─── Provided records ───

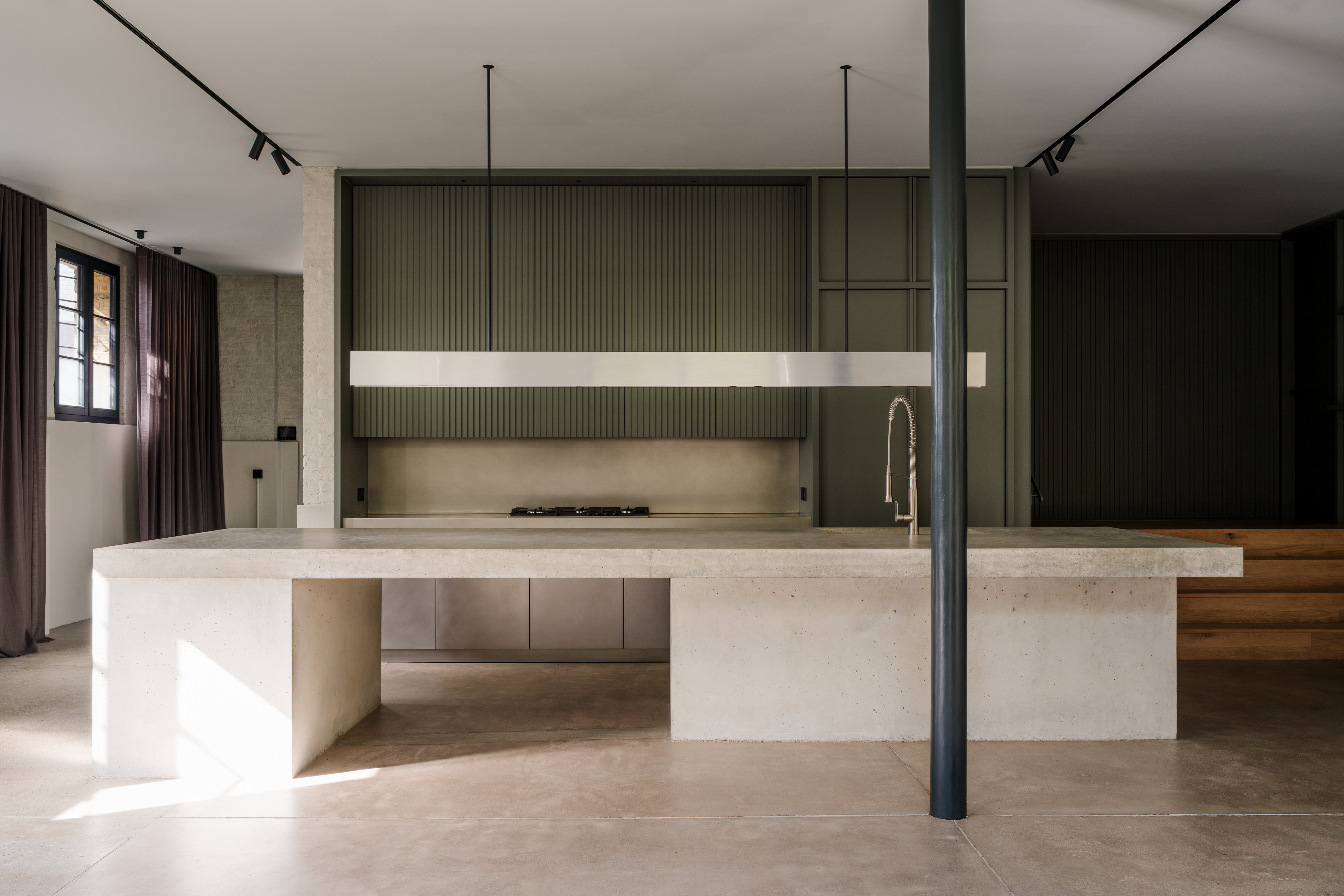 Bermondsey Warehouse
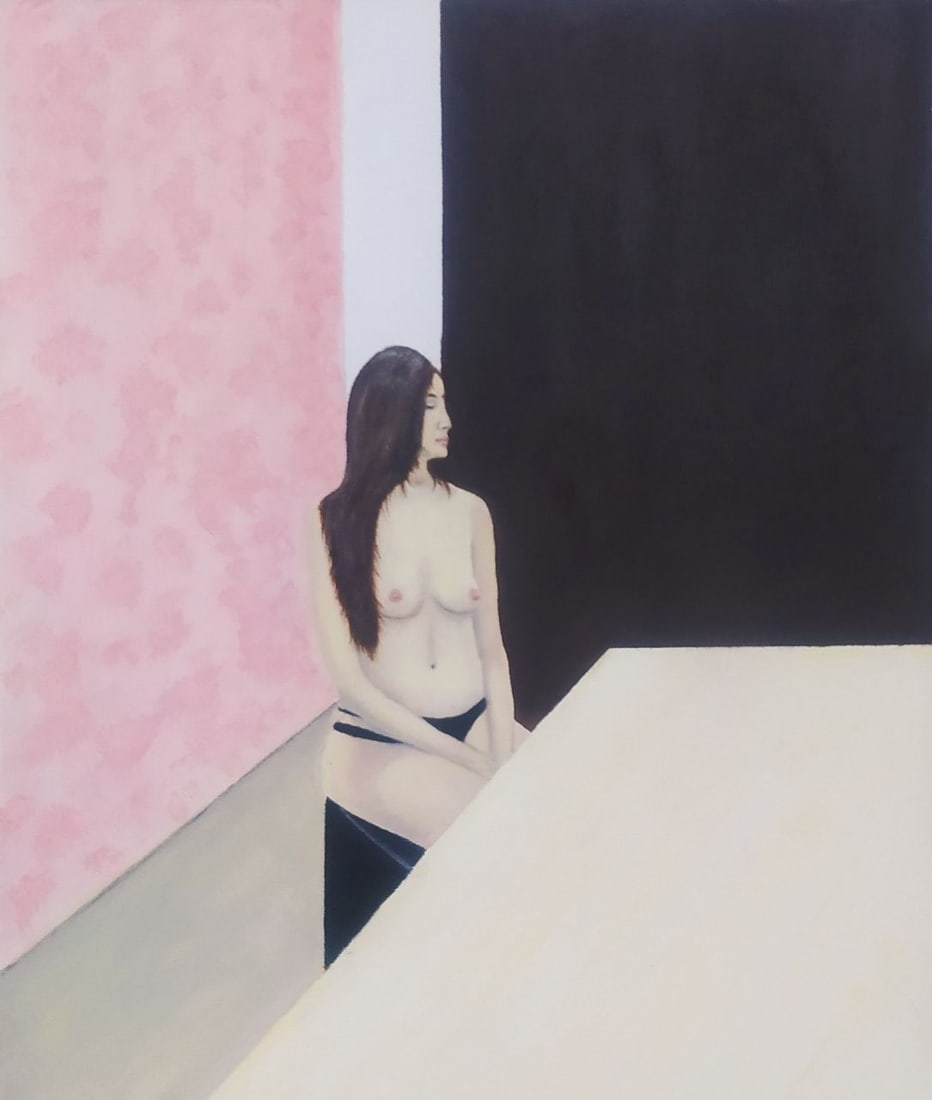 Daria Butryashkina: Expectation (1 of 1)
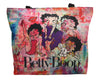 Betty Boop Tote - Collage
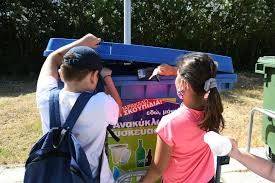 Μοιράσθηκαν 900 τσάντες ανακύκλωσης σε μαθητές της Πάτρας – kirix.gr –  Εφημερίδα των Πατρών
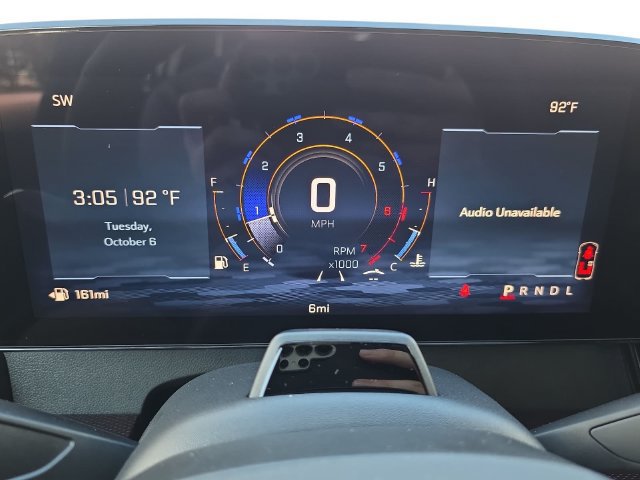New 2027 Chevrolet Traverse RS FWD image 18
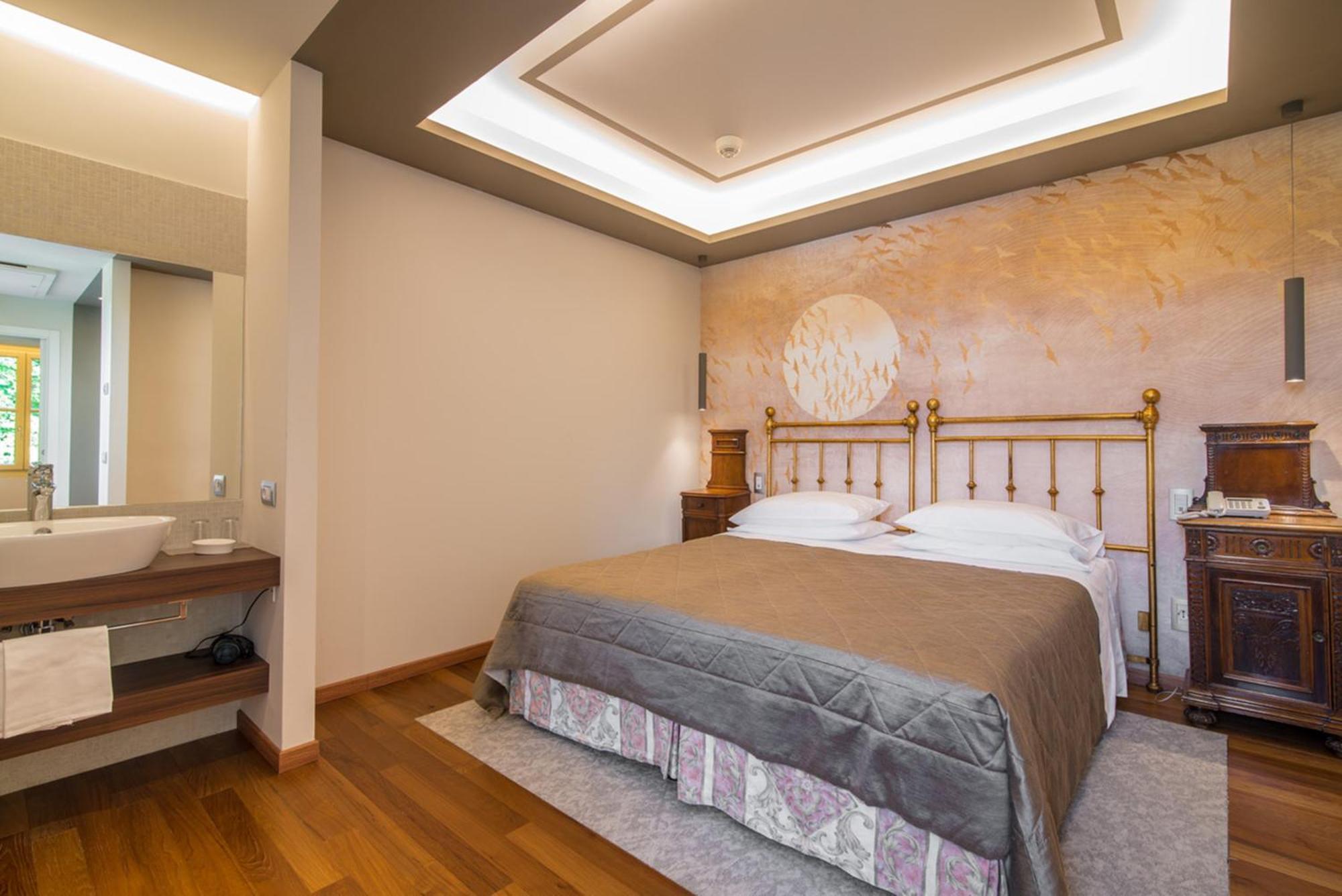 Terme Preistoriche Resort & Spa Montegrotto Terme Buitenkant foto
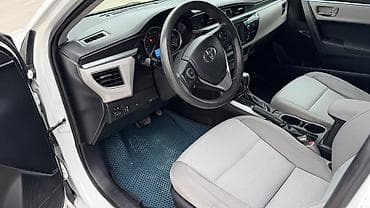 Toyota: Toyota Corolla: 2016 г., 1.8 л, Автомат, Бензин, Седан — 10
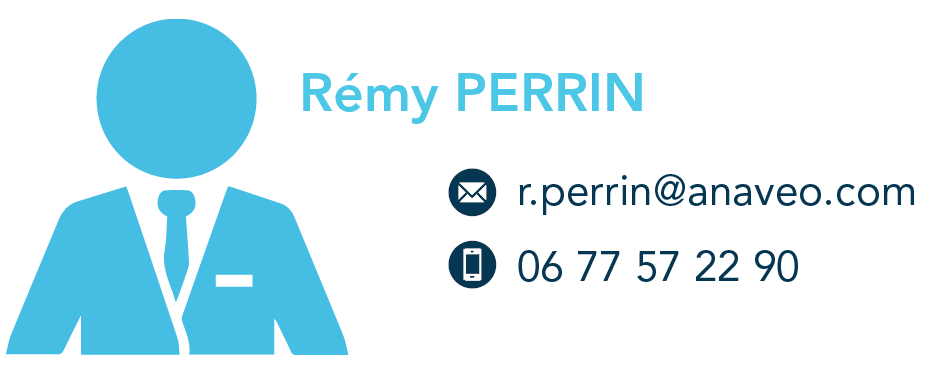 ANAVEO CONTACT REMY PERRIN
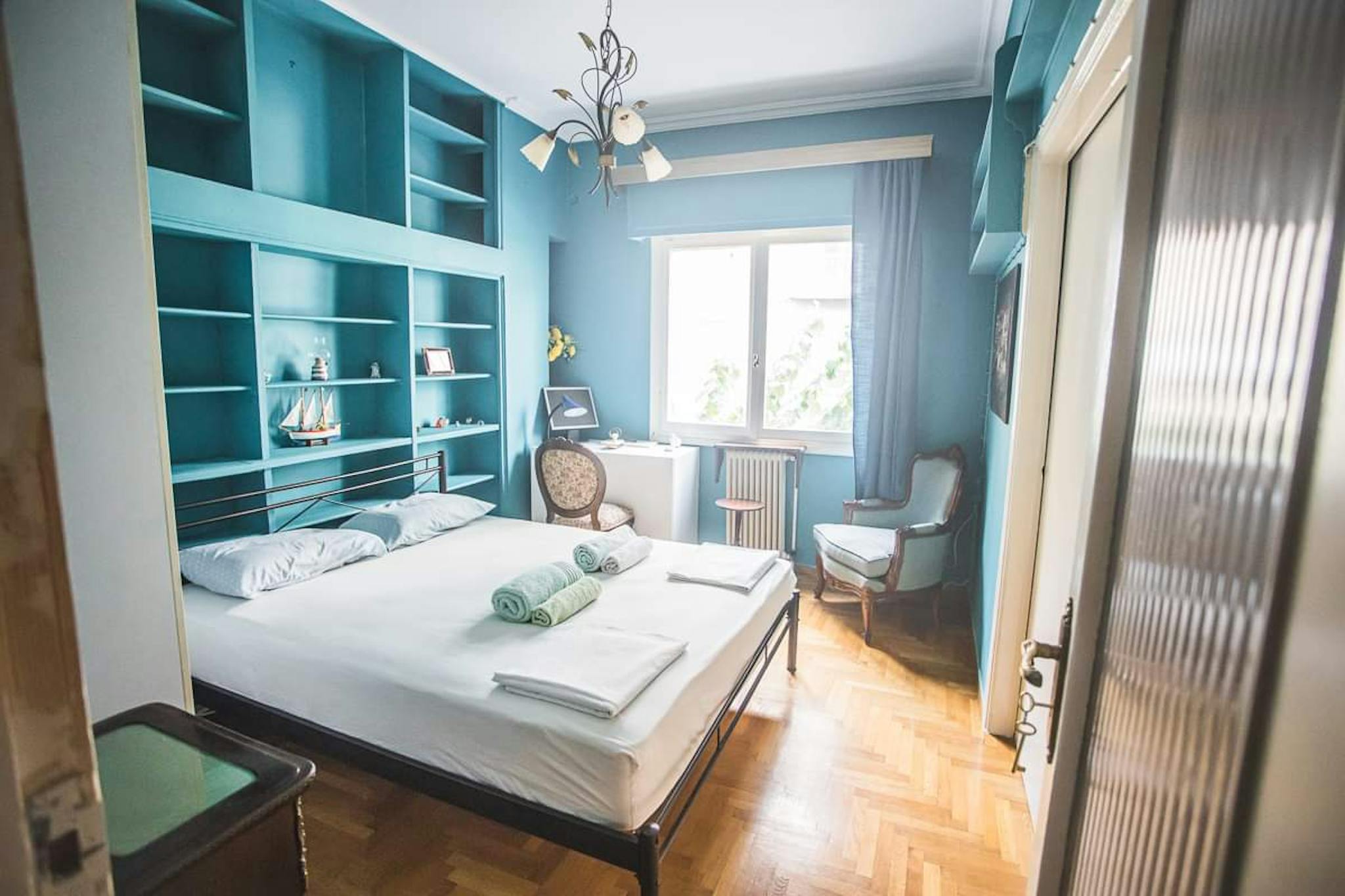 Aristotelous, Athens preview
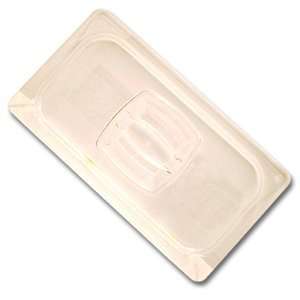 COVER THIRD CLEAR, EACH, 12 0233 RUBBERMAID COMMERCIAL PRODUCT CLASS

───

### What you need to do
Transcribe the material above in full. No picture is to be copied.

### Exercise solution
 Bermondsey Warehouse
 Daria Butryashkina: Expectation (1 of 1)
 Betty Boop Tote - Collage
 Μοιράσθηκαν 900 τσάντες ανακύκλωσης σε μαθητές της Πάτρας – kirix.gr –  Εφημερίδα των Πατρών
New 2027 Chevrolet Traverse RS FWD image 18
 Terme Preistoriche Resort & Spa Montegrotto Terme Buitenkant foto
 Toyota: Toyota Corolla: 2016 г., 1.8 л, Автомат, Бензин, Седан — 10
 ANAVEO CONTACT REMY PERRIN
 Aristotelous, Athens preview
 COVER THIRD CLEAR, EACH, 12 0233 RUBBERMAID COMMERCIAL PRODUCT CLASS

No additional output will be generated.